Your objective: Wherever the word "Classic" appears in a line of the records, copy that line.

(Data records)
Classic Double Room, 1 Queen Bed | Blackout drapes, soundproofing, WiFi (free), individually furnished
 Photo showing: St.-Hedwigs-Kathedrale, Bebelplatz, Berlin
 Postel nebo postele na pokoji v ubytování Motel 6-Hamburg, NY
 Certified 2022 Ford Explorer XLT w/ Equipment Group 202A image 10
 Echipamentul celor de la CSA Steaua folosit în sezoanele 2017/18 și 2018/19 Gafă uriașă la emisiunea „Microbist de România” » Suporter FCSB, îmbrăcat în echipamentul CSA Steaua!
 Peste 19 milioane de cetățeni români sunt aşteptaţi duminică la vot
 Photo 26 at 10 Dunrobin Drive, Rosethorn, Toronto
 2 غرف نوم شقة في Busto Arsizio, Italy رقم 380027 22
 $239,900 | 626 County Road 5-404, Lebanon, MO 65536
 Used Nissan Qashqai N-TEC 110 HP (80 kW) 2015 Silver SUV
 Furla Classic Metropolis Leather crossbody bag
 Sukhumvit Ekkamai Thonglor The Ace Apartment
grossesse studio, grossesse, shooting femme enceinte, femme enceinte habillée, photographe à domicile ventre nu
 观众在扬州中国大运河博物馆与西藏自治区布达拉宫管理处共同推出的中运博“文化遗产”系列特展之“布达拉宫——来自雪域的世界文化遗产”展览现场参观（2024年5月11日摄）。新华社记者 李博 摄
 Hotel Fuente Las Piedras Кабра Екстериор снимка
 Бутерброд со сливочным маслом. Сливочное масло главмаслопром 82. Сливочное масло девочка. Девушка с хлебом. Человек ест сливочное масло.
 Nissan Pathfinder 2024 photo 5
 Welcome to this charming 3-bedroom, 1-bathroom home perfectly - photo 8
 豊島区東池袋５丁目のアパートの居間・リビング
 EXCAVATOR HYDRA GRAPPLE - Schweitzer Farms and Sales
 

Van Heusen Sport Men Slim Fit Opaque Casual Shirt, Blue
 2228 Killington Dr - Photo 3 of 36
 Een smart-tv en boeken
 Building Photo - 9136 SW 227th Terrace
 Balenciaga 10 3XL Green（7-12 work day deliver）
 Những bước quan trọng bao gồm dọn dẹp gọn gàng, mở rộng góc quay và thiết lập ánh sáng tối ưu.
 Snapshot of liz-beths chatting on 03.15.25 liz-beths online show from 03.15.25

Task solution:
Classic Double Room, 1 Queen Bed | Blackout drapes, soundproofing, WiFi (free), individually furnished
 Furla Classic Metropolis Leather crossbody bag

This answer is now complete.